The Scoop on Maine’s Ice Cream Stands

Maine has been churning out delicious ice cream for decades, both by the scoop at ice cream stands and restaurants and by the gallon at grocery stores. Even the smallest towns in Maine have a stand or two selling fresh-made small-batch ice cream, made with milk and cream from Maine’s dairy farms. There are even a few farms that skip the middleman and make their own ice cream.

The bedrock of Maine’s ice cream revolution are Shain’s, Giffords and Beal’s. Shain’s of Maine has been leading the charge, producing more than 50 different flavors of traditional ice cream, as well as frozen yogurt, no fat/no sugar options, sorbets, sherbets and seasonal flavors. Beal’s Ice Cream has several brick-and-mortar locations in Portland, Gorham, Scarborough and South Portland, as well as an ice cream truck. They’ve got more than 100 different flavors in their repertoire, served up on their house-made Swiss cones. Gifford’s ice cream has become so popular, its delicious flavors are available in stores as far west as Illinois; but at heart, it remains a family ice cream stand.

The original Gifford’s stand opened in Skowhegan in 1980. But that makes them the new flavor on the block compared with some of the state’s other classic cones. Round Top Ice Cream in Damariscotta has been around for about 90 years; they’re so old-school you won’t find them online, and they don’t take credit cards. Hodgman’s Frozen Custard opened in New Gloucester in 1946, Dorman’s Dairy Dream in Thomaston in 1951.

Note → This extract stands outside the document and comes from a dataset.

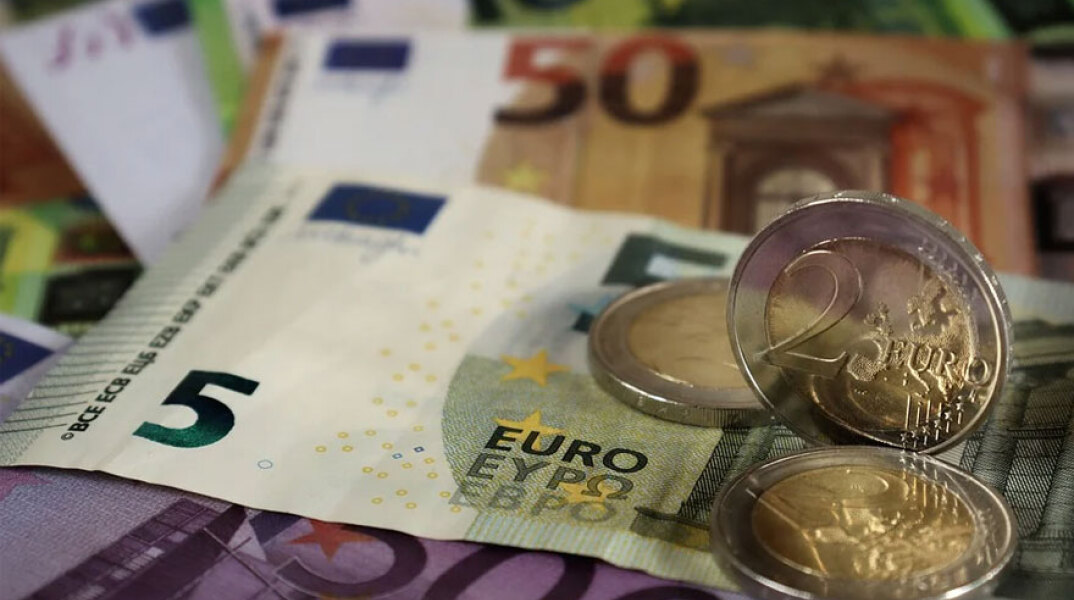 Χαρτονομίσματα και κέρματα του ευρώ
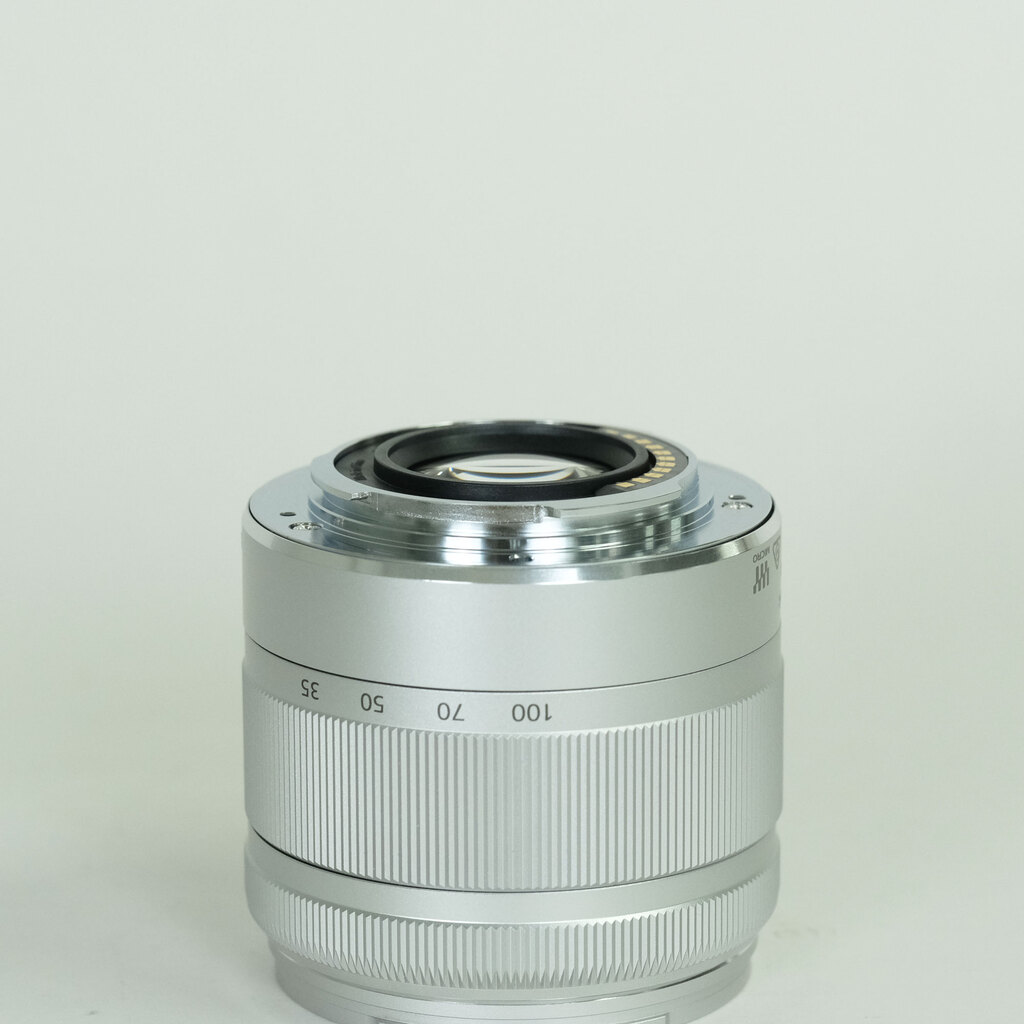 Panasonic LUMIX G VARIO 35-100mm / F4.0-5.6 ASPH. / MEGA O.I.S.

For Mainers, the opening of the local ice cream stand is the unofficial start of summer. Places like Mainely Custard in Freeport are the place to be after a Little League game or a day at the beach. Try the blueberry flavor at Abner Butterfield Ice Cream Company in scenic Dover-Foxcroft for a true taste of Maine goodness. Farther south along the Kennebec River, there’s Deb’s Ice Cream & Mini Golf in Randolph. Most roadside shops close down by the end of summer, but Deb’s keeps the customers coming all the way through fall. And don’t think for a minute that these small-town stands are lacking big flavor. Tubby’s Own Ice Cream in Wayne declares that their “Peppermint Schtick” is “Santa’s favorite all year.” For a little more adventure, Tubby’s “Tree Hugger” is made with local maple syrup and granola.

Around Portland, even more fearless flavors are gaining ground. Gelato Fiasco boasts bold flavors like ginger cardamom and pomegranate lime. Local favorites at Willard Scoops in South Portland include “Sunburn” (a strawberry and habanero combination), as well as PB&J. Made from only the finest and freshest ingredients, their flavors go beyond gimmick to greatness. Meanwhile, Maple’s Organic Gelato over in Yarmouth prides itself on sourcing all milk and cream from Maine farms to create exotic flavors like Thai coconut, Turkish fig and West Indian rum raisin. Most creative of all may be Mt. Desert Island Ice Cream, with brilliant (and cleverly named) flavors like “Bay of Figs.” They’ve been raking in the foodie accolades with flavors like nectarine champagne, pear Riesling, mango jicama habanero, apple parsley and “Atlantic Brewing Stout with fudge.”

Even if your go-to flavor is classic vanilla, the effort and pride Mainers put into our ice cream is sure to make the plainest scoop the best you’ve ever had.